Task: Extract, word for word, each line from the line holding "Joc Nerf Legends Pentru PlayStation 5" through the end of the records. Omit every picture.

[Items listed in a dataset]

== Segment start ==

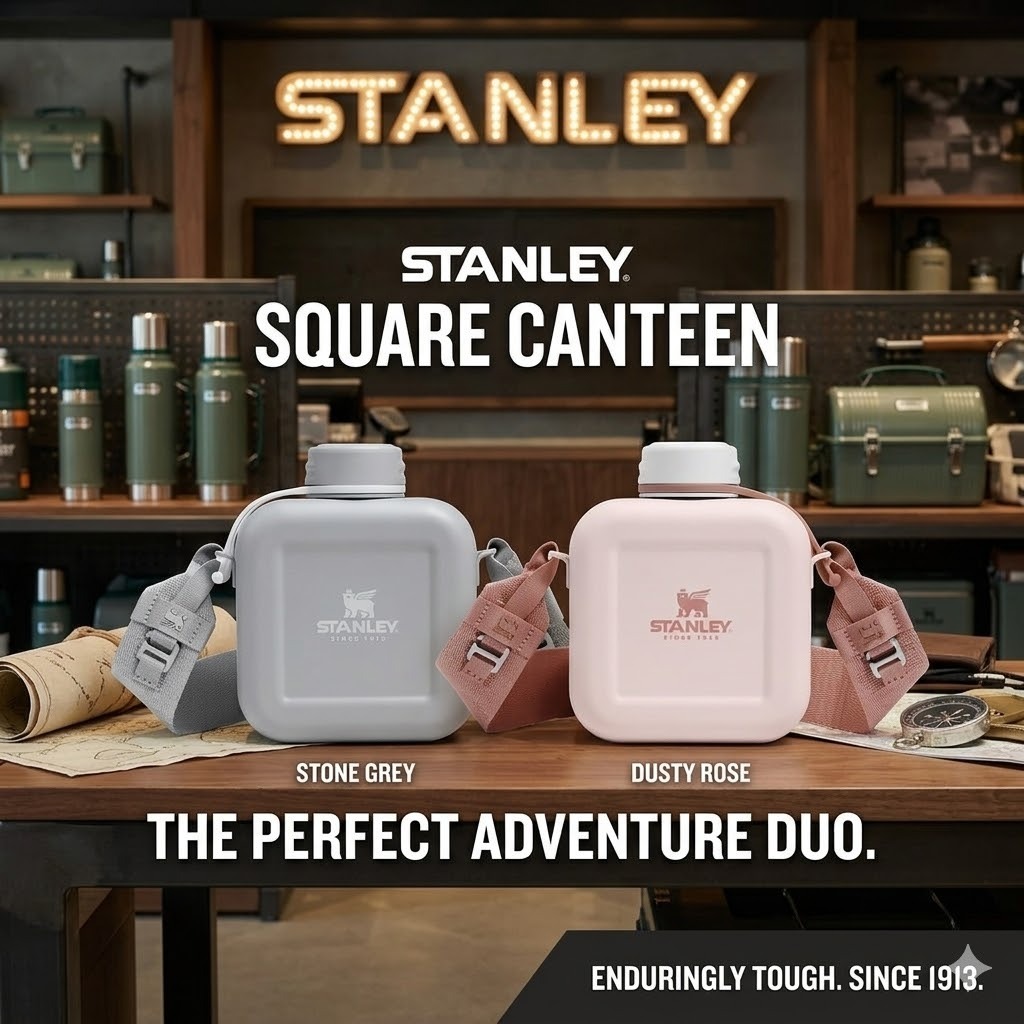 【預購】STANLEY H052250 The Next x Nature Canteen ( 25 OZ)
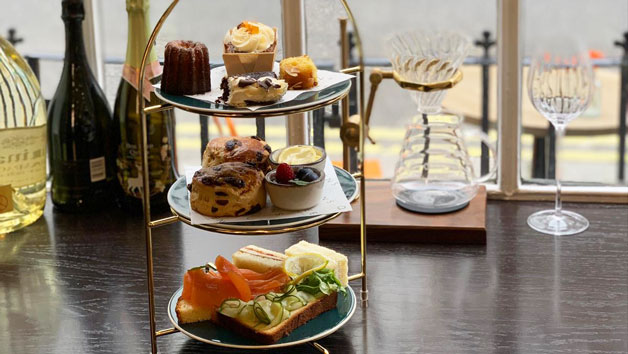 Afternoon Tea for Two with a Glass of Prosecco at Queens of Mayfair picture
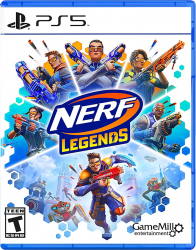 Joc Nerf Legends Pentru PlayStation 5 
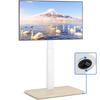 Rfiver TV Stand with Hidden Wall Mounted TV Mobile TV Compatible with TV Rack Height Wooden Load Capacity Up To 40 VESA For Commercial Display Home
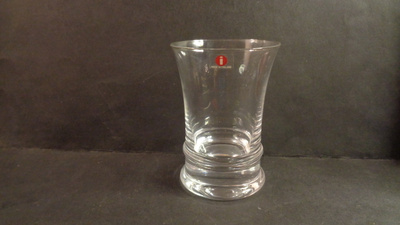 IITTALA, TAPIO WIRKKALA KALEVA LASI KORK. 100 MM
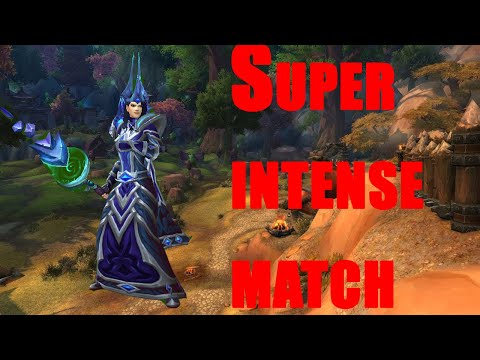 SUPER intense dumb match - Frost mage pvp dragonflight 10.1.5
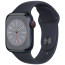 б/у Apple WATCH Series 8 41mm Midnight Aluminium Case with Midnight Sport Band (MNP53) (Среднее состояние)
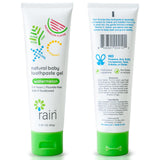 Rain experiencia de cepillado suave para la primera rutina dental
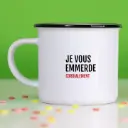 BIBICHE FAIT SON CIRQUE || Mug – D’astreinte 7/7J 24/24H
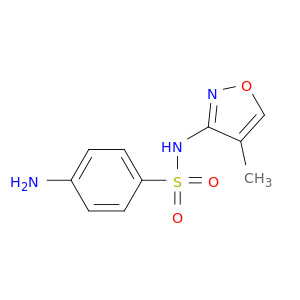 4-氨基-N-(4-甲基-3-异恶唑基)苯磺胺酰胺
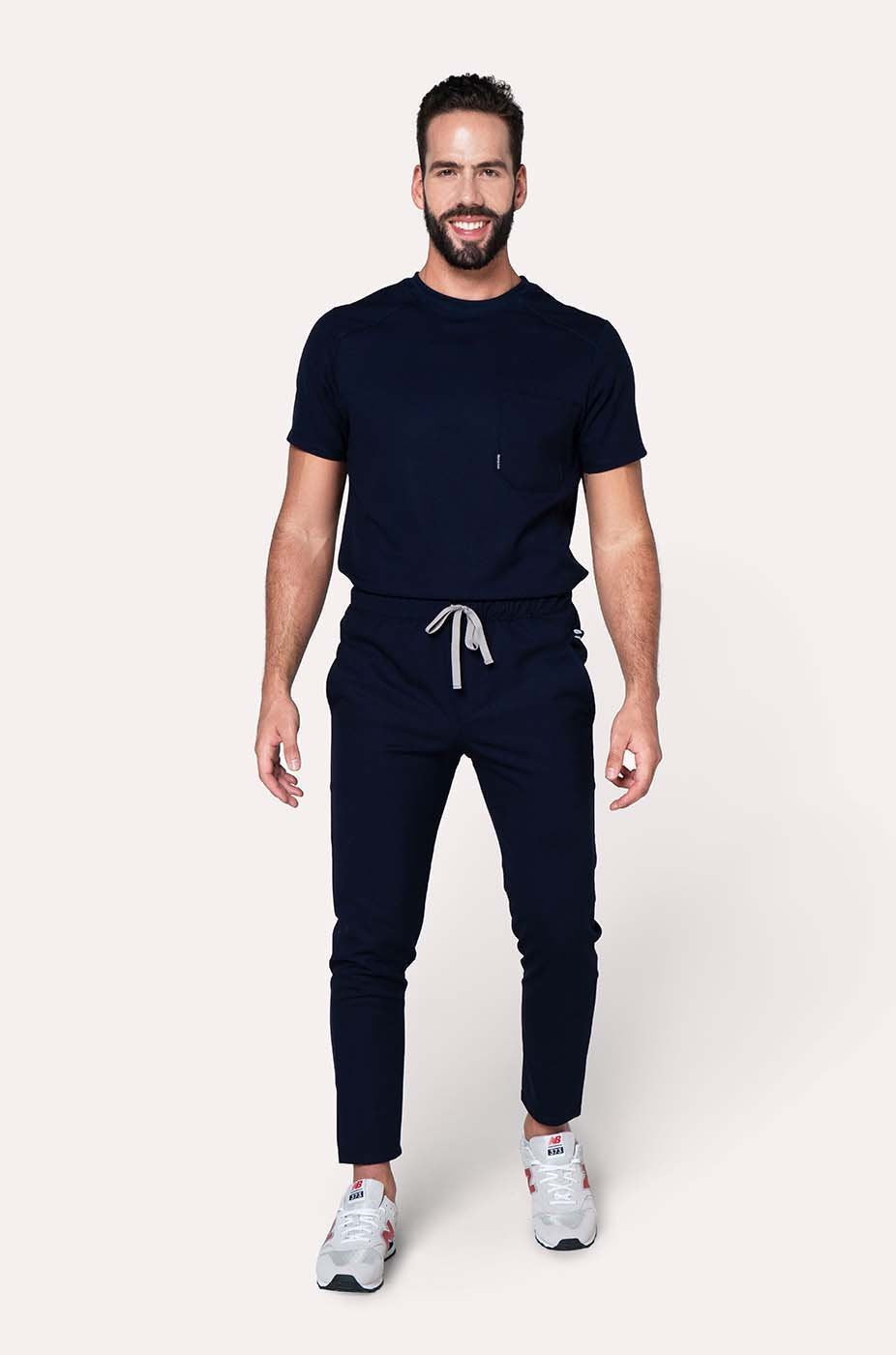 Conjunto Hombre Scrub Sport - Navy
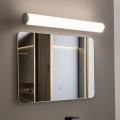 BRILAGI - LED-освітлення дзеркала для ванної кімнати TUBE LED/15W/230V 3000/4000/6500K IP44 глянцевий хром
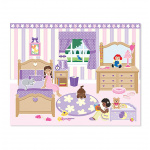 MELISSA & DOUG Naklejki wielorazowe - DOM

== Segment end ==

Solved problem:
 Joc Nerf Legends Pentru PlayStation 5 
 Rfiver TV Stand with Hidden Wall Mounted TV Mobile TV Compatible with TV Rack Height Wooden Load Capacity Up To 40 VESA For Commercial Display Home
 IITTALA, TAPIO WIRKKALA KALEVA LASI KORK. 100 MM
 SUPER intense dumb match - Frost mage pvp dragonflight 10.1.5
 б/у Apple WATCH Series 8 41mm Midnight Aluminium Case with Midnight Sport Band (MNP53) (Среднее состояние)
 Rain experiencia de cepillado suave para la primera rutina dental
 BIBICHE FAIT SON CIRQUE || Mug – D’astreinte 7/7J 24/24H
 4-氨基-N-(4-甲基-3-异恶唑基)苯磺胺酰胺
 Conjunto Hombre Scrub Sport - Navy
 BRILAGI - LED-освітлення дзеркала для ванної кімнати TUBE LED/15W/230V 3000/4000/6500K IP44 глянцевий хром
 MELISSA & DOUG Naklejki wielorazowe - DOM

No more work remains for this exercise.